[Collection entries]
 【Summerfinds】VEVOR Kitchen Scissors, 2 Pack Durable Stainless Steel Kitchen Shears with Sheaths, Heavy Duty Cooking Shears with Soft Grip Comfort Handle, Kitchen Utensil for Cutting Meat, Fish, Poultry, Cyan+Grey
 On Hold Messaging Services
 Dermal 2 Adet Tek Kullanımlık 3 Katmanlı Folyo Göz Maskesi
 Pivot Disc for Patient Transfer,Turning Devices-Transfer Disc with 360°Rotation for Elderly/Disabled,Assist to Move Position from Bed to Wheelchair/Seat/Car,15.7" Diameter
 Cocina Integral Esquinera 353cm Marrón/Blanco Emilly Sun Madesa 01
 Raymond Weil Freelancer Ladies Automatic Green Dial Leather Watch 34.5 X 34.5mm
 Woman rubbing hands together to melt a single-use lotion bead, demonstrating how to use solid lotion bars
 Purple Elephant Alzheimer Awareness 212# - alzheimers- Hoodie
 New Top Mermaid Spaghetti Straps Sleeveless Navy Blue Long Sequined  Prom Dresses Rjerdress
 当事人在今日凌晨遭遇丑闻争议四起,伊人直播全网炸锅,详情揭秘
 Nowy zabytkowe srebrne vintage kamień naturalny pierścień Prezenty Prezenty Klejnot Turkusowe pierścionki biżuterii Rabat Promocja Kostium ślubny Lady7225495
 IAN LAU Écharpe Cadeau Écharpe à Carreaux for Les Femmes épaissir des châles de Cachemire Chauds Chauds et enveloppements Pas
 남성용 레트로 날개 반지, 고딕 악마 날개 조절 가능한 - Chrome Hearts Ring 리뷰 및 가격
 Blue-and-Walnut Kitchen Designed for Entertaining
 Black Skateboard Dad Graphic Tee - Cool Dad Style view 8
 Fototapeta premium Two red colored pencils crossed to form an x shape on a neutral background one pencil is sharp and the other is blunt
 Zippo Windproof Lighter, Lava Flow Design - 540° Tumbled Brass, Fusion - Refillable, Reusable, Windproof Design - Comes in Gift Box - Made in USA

▶ [EXERCISE BRIEF]:
All that should appear in the response is the run of lines from the first line of the entries through the line containing "Raymond Weil Freelancer", copied exactly.

▶ [OUTPUT]:
 【Summerfinds】VEVOR Kitchen Scissors, 2 Pack Durable Stainless Steel Kitchen Shears with Sheaths, Heavy Duty Cooking Shears with Soft Grip Comfort Handle, Kitchen Utensil for Cutting Meat, Fish, Poultry, Cyan+Grey
 On Hold Messaging Services
 Dermal 2 Adet Tek Kullanımlık 3 Katmanlı Folyo Göz Maskesi
 Pivot Disc for Patient Transfer,Turning Devices-Transfer Disc with 360°Rotation for Elderly/Disabled,Assist to Move Position from Bed to Wheelchair/Seat/Car,15.7" Diameter
 Cocina Integral Esquinera 353cm Marrón/Blanco Emilly Sun Madesa 01
 Raymond Weil Freelancer Ladies Automatic Green Dial Leather Watch 34.5 X 34.5mm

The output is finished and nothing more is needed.